» **TASK STATEMENT**:
What is needed is an exact copy of the lines in the listing below, from the one with "Temuții agenți ICE, acuzați" up to and including the one with "bird travel bag bird cage", with no other lines.

(DATASET EXCERPTS Opens)

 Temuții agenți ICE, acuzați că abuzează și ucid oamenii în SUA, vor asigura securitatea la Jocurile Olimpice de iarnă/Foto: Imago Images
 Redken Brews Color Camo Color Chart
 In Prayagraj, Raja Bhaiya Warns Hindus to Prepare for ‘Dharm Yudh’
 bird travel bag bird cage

(DATASET EXCERPTS Closes)
(DATASET EXCERPTS Opens)

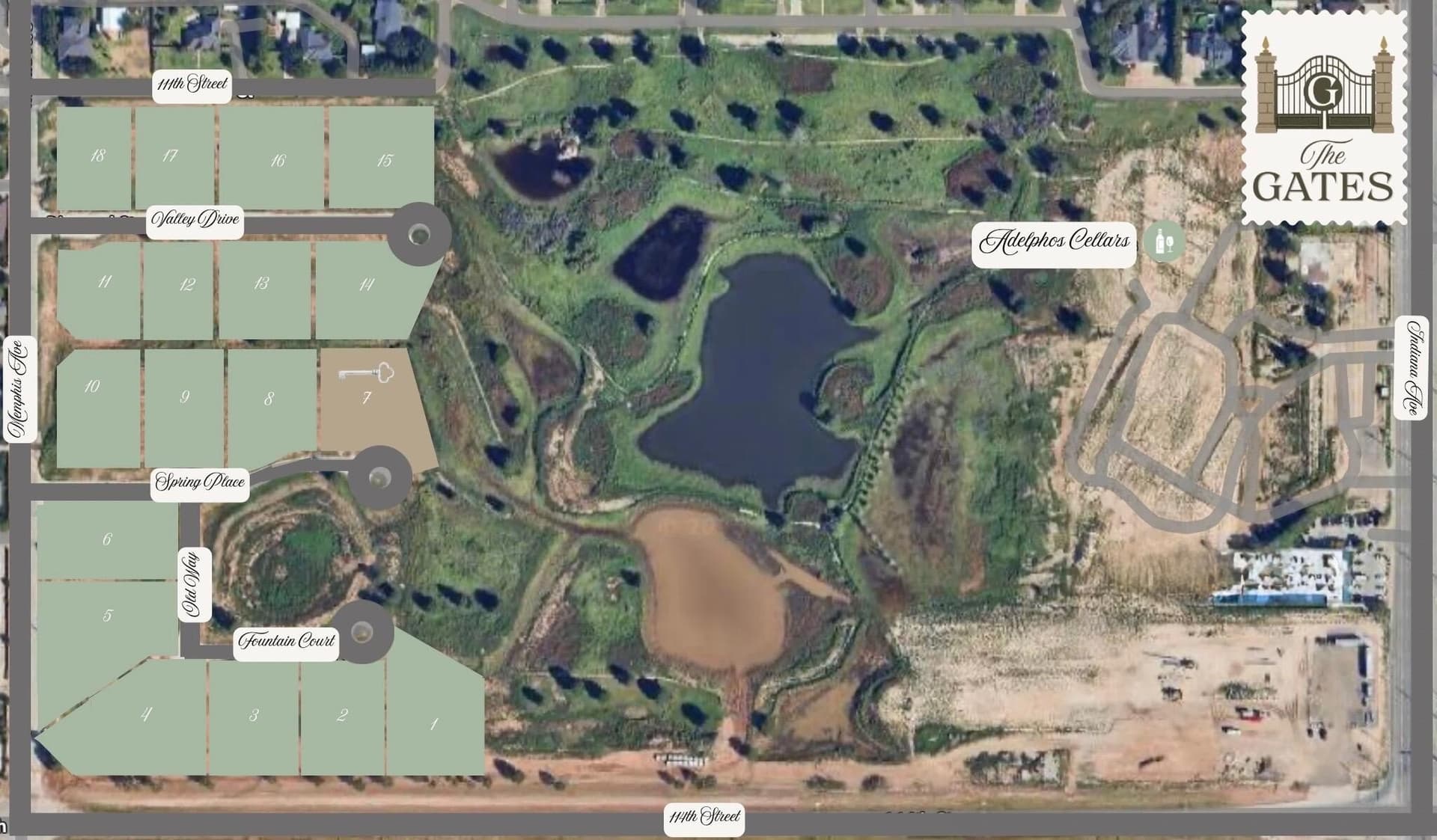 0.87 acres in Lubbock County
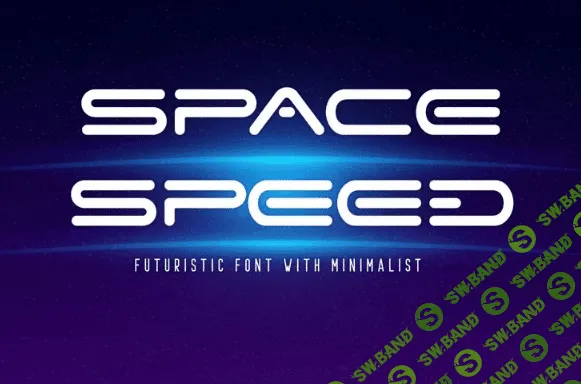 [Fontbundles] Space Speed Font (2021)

(DATASET EXCERPTS Closes)
(DATASET EXCERPTS Opens)

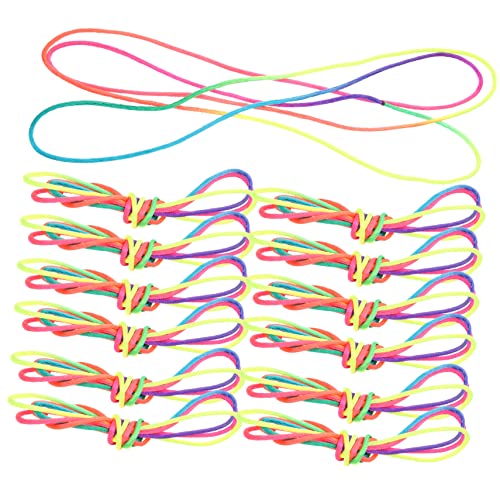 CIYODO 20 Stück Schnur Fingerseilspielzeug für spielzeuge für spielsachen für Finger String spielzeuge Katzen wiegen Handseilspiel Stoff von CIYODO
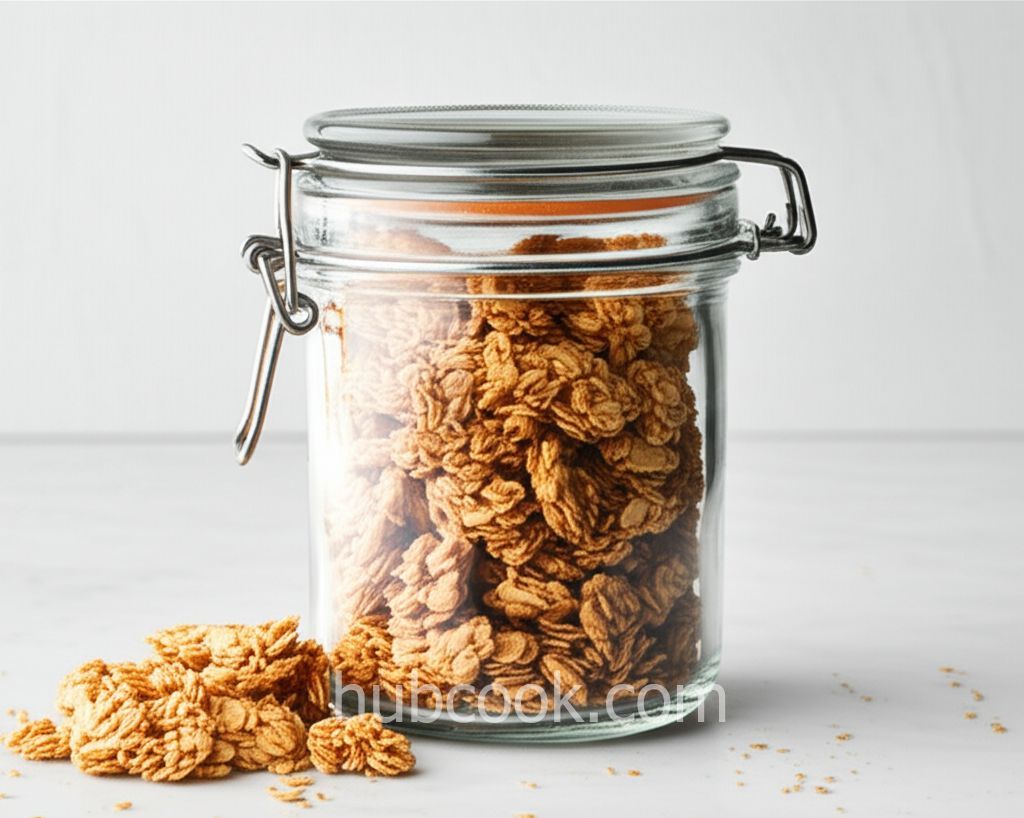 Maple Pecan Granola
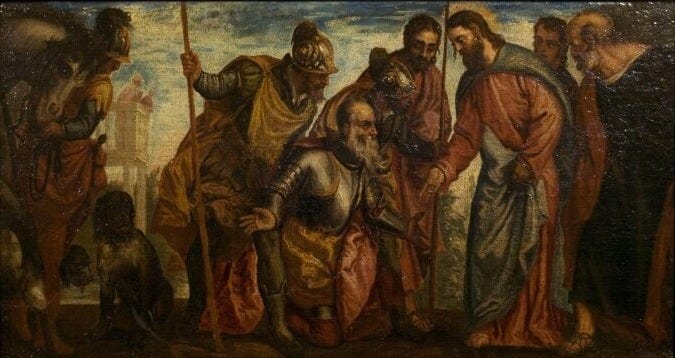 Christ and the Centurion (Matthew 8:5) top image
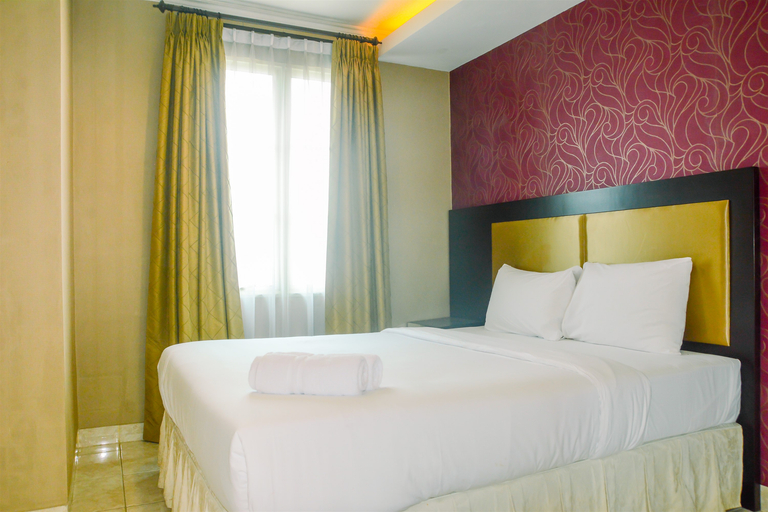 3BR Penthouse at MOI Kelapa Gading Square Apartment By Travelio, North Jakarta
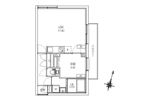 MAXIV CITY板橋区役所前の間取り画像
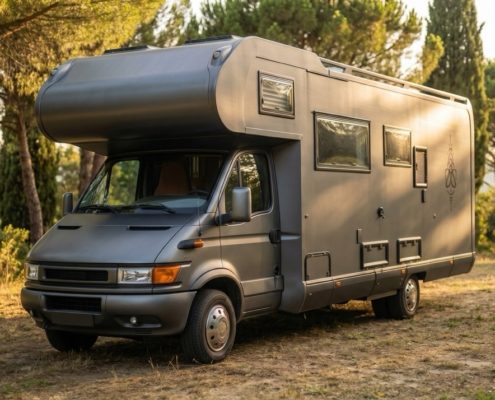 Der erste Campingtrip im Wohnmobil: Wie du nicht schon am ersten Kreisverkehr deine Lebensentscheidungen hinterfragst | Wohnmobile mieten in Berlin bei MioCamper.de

(DATASET EXCERPTS Closes)

» **WRITTEN SOLUTION**:
 Temuții agenți ICE, acuzați că abuzează și ucid oamenii în SUA, vor asigura securitatea la Jocurile Olimpice de iarnă/Foto: Imago Images
 Redken Brews Color Camo Color Chart
 In Prayagraj, Raja Bhaiya Warns Hindus to Prepare for ‘Dharm Yudh’
 bird travel bag bird cage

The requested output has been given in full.